# Cateye Strada Wireless on Specialized RH 29er



## bluehornet18 (Jan 2, 2011)

Hi All!!
I have a new specialized rockhopper comp 29er and I am confused as to setting the bike computer. The tires on the bike are 29 x 2.0. The tire sizes on the computer chart are 29 x 2.1 and 29 x 2.3. I looked online about how to do a roll out, but i was wondering, what is the difference in setting the computer from the two other 29er listings. I would imagine since the circumference is the same, isn't the roll out the same.


----------



## slocaus (Jul 21, 2005)

A roll out is accurate, done carefully and correctly. The other way is guessing. That is the difference.


----------



## bluehornet18 (Jan 2, 2011)

Thanks.
I found the roll out to be easier than i thought and very accurate


----------



## n9tkf (Jun 7, 2010)

Just curious. What was the calibration number from your roll out test?


----------



## slocaus (Jul 21, 2005)

n9tkf said:


> Just curious. What was the calibration number from your roll out test?

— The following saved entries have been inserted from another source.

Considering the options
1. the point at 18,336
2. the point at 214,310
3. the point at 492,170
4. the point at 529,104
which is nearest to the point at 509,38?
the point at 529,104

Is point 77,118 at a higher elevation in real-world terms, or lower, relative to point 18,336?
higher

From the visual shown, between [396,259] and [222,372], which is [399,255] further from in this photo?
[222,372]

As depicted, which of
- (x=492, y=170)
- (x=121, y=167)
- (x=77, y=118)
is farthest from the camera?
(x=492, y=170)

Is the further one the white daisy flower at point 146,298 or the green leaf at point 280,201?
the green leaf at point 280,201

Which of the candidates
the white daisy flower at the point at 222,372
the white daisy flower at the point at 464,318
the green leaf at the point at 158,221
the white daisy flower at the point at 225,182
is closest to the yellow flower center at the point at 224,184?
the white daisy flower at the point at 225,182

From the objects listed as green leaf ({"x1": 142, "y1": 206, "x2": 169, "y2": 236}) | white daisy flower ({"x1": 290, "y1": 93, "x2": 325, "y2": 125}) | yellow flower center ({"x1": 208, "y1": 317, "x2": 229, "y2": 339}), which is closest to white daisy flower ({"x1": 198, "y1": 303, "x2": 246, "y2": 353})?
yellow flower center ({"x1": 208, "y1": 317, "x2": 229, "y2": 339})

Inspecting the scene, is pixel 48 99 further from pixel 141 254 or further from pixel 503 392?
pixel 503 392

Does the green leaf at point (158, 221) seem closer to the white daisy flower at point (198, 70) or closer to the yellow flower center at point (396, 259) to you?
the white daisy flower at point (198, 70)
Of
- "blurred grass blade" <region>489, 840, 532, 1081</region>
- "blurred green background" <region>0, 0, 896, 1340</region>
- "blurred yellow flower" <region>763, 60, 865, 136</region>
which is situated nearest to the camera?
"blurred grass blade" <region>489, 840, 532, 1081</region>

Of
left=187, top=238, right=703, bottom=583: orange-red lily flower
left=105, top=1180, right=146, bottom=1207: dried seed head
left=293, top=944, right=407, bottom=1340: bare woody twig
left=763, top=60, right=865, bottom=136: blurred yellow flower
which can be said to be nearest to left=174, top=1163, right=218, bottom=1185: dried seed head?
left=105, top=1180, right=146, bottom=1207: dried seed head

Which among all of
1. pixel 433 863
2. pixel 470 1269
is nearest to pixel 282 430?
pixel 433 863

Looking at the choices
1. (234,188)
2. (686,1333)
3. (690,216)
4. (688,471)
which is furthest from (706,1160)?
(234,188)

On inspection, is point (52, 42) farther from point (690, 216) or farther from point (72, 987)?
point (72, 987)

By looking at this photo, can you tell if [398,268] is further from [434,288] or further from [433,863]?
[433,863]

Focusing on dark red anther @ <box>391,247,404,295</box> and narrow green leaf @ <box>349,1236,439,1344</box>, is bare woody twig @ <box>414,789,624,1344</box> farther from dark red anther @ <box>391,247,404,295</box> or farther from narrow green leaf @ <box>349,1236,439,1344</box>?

It will depend on tires, tire air pressure and rider weight. Just do the roll out and get your own accurate setting. It is easy, as @bluehornet18 says - easier than riding a mounting bike.


----------



## juan machete (May 18, 2011)

mi bike specialized Hardrock Sport Disc 29er 
my computer nite rider rebel 3.0
i cant get this right
whats the number ?
help !!


----------